A ‘dead’ home-equity tax deduction sees new life
President Donald Trump’s new tax law set off a false alarm for homeowners planning to borrow against the equity in their houses.
The legislation signed by Trump in December appeared to eliminate the deduction taxpayers get for the interest owed on home-equity loans, spooking the home remodeling industry whose customers often rely on the loans for projects. But after prodding from lobbying groups, the Internal Revenue Service clarified that borrowers could still use the deduction, as long as it’s for home improvements.
The IRS guidance on home-equity debt is just the latest example of the agency’s cleanup effort in the wake of the hastily passed law. Various industries and tax professionals are still struggling to understand its provisions and interpret lawmakers’ intentions on changes including the pass-through deduction and international tax measures.
Since the end of last year, the agency has issued press releases specifying that hedge fund managers can’t circumvent new carried interest rules with “S” corporations and that homeowners can deduct prepaid property taxes only in some instances.
Until the IRS statement late last month about the home-equity deduction, some housing groups including executives at the National Association of Home Builders said they didn’t think it was clear the home-equity deduction had survived, at least in part.
The NAHB sent Treasury Secretary Steven Mnuchin a letter at the end of January arguing that the tax law, as written, should allow interest from home-equity loans and home-equity lines of credit to be deducted as long as the homeowner used the money for home improvements. They said their interpretation was backed up by long-accepted standards in the tax code.

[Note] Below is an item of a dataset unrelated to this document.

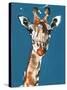 Masai Giraffe, 2018,-Mark Adlington-Stretched Canvas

“As most major remodeling projects are financed using debt secured by the buyer’s home, the deductibility of interest paid on loans used to substantially improve a home is the lifeblood of the industry,” the letter said.

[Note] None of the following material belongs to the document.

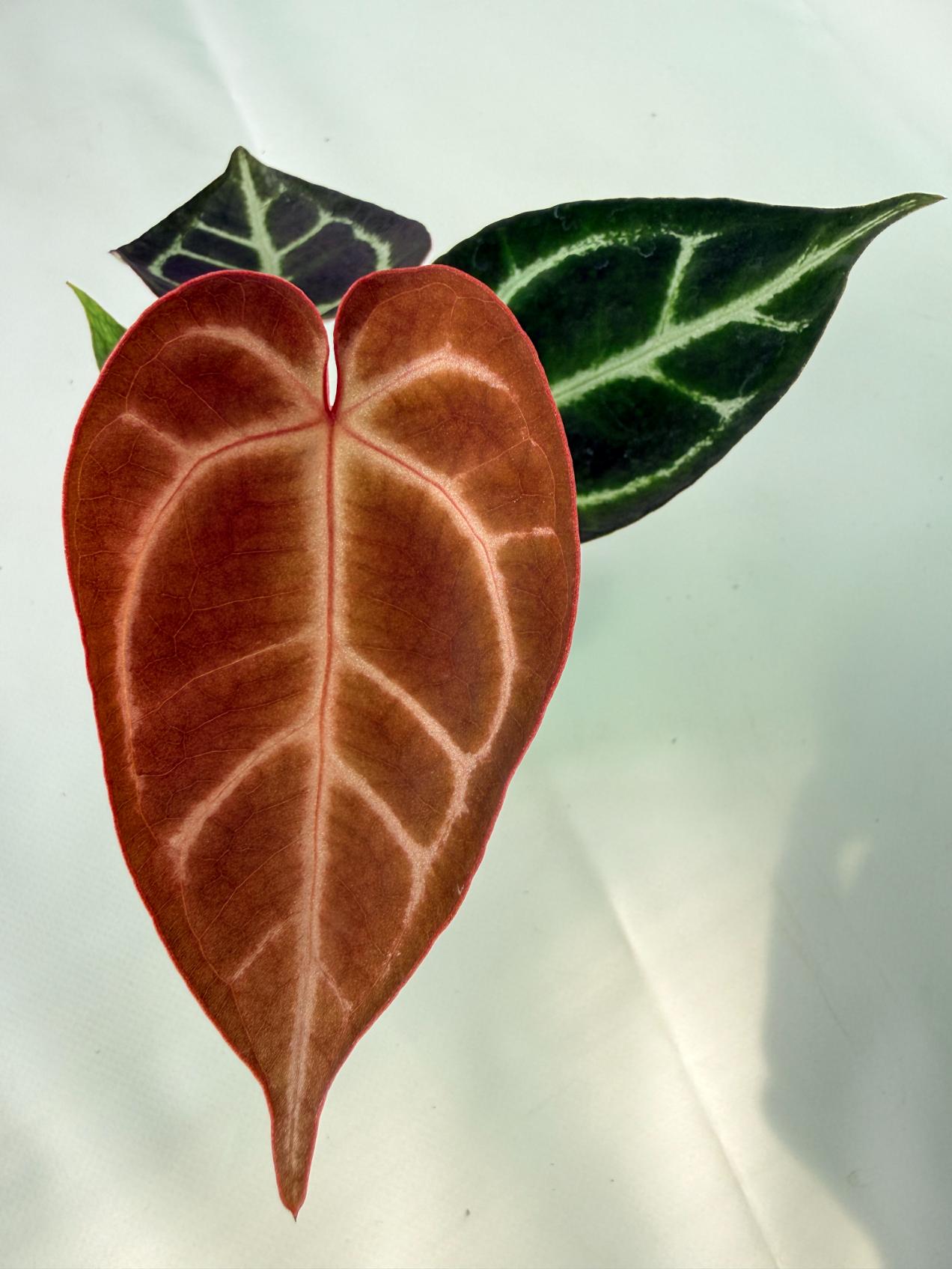 Anthurium Red Crystallinum x Dorayaki 02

Eric Smith, an IRS spokesman, said the news release came in response to multiple inquiries rather than from a specific group. He said the statement clarified what the law already said rather than made new rules.
Robert Criner, a remodeler in Newport News, Virginia, said that after the law passed, he thought the deduction for home-equity loans and for so-called Helocs was dead. The ability to deduct Heloc interest is a deciding factor for some homeowners on how big a project to undertake or whether to do a remodel at all, according to Criner.
Throughout the tax-bill process “people were waiting to pull the trigger,” said Criner, which he attributed to the Heloc issue and to broader confusion about the bill. Criner said even after the IRS clarification, only about half of his customers realize that they can still deduct the interest.
The confusion stemmed from the law saying it was eliminating interest for “home-equity indebtedness.” Some borrowers, remodelers and others in the lending industry interpreted that as any kind of home-equity loan that taps equity to provide cash. But the tax code has long defined home-equity indebtedness as any kind of debt except loans taken out to acquire, construct or substantially improve a taxpayer’s residence.
So if a borrower uses the loan to build a new bathroom, it would qualify for the deduction, but if it’s used to consolidate credit card debt, it wouldn’t qualify, according to the IRS’s clarification.
In January, LendEDU, a comparison website for consumer financial products, surveyed 1,000 Americans who were home-equity loan borrowers, about half of whom said they used the money for home improvement. The company wanted to measure how aware they were that the new law limited home-equity deductibility.
The problem: None of the survey’s answers were correct. LendEDU falsely believed the new law completely killed the home-equity interest deduction, and the survey results were reported in several mainstream and industry publications.
LendEDU CEO Nate Matherson said the company would put a clarification at the top of the survey. Noting that the IRS hadn’t yet issued its guidance at the time of the survey, Matherson said, “At the time the survey was conducted, the methodology was accurate.”
The NAHB, a lobbying group that represents small home builders, believed it had a good case but still wasn’t completely sure that the IRS would agree with its interpretation, said David Logan, the association’s director of tax and trade policy analysis.
The home-equity interest deduction wasn’t a focus for the group last year when it was lobbying lawmakers on its bigger concerns with the bill – such as the doubling of the standard deduction. Still, once the law came out, there was concern that eliminating home-equity interest deductions would have a “massive detrimental effect on remodelers,” Logan said.
When the IRS agreed with the NAHB’s interpretation, Logan said the group’s remodelers were “exuberant.”